Like Kind as it appears in the IRC (Internal Revenue Code) related to 1031 Tax Deferred Exchanges (& 1033 Involuntary Conversions which I will not be getting into today) really means four things:
Location of Property: To be like kind to another property; both have to be "located" in the United States or Both have to be out side of the United States. (New York for Florida is OK, but NY for Canada is not).
Type of Property: Real Property for real property is fine, and the level of improvements on each property is immaterial. (vacant land for apartment building is ok). The like-kind exchange for personal property is much more strict and no need to get into that in a real estate blog (but check with a qualified intermediary if you are trading a backhoe for other equipment).
Use of Property: Both properties must be used by the taxpayer in a trade, business or for investment. Many of the restriction reviewed in the past were found to have personal purposes, for example a residence, vacation home or a personal automobile. This category offers the most concern and the use of the relinquished property should be looked at carefully prior to an exchange (seek advice from a qualified intermediary).
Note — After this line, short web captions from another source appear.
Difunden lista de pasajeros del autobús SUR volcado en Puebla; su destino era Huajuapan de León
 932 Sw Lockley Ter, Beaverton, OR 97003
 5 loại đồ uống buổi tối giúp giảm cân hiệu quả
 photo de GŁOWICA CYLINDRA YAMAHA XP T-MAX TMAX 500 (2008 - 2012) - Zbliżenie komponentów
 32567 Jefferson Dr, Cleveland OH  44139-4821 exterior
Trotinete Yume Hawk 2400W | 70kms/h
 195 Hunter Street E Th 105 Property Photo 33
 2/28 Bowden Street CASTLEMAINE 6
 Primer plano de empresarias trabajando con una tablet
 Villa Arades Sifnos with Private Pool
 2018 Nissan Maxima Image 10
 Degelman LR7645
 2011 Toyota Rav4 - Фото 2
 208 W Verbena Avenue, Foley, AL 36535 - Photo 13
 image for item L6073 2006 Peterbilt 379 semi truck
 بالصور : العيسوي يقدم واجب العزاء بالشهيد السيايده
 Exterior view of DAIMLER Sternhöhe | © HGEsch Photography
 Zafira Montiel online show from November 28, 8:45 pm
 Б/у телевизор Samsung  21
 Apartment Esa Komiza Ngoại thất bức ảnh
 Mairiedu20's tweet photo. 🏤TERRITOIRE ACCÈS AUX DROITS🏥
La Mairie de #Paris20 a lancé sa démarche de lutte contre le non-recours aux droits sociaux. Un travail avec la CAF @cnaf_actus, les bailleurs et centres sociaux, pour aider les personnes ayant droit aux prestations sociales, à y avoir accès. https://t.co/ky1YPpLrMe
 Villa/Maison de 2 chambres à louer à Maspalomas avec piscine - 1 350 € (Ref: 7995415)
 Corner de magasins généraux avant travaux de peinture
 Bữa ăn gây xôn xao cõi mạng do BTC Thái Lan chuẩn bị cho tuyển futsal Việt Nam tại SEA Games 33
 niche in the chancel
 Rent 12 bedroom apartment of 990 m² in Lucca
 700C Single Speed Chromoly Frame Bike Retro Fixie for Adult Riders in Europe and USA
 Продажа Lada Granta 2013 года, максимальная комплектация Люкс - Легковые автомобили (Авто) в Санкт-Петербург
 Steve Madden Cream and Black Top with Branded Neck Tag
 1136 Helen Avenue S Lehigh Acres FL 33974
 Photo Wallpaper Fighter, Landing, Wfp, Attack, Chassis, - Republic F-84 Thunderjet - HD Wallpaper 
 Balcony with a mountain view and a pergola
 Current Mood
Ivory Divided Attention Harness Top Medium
Value of Property: Like-kind must match one another , if the prices of the two properties don't match to the extent there is a disparity, then property of an unlike kind will be subject to tax (this property is termed Boot). So the goal is to even or up your value in an exchange.
In order to avoid some of the well know pit falls or mistakes in a Like-Kind exchange follow these simple rules: Both properties must be in the United States, Both have to be the same type, Both have been used as the Taxpayer's investment (trade/ business) and both have to be comparably valued. These are the basic (somewhat simplified) elements for a successfully structured 1031 tax deferred exchange.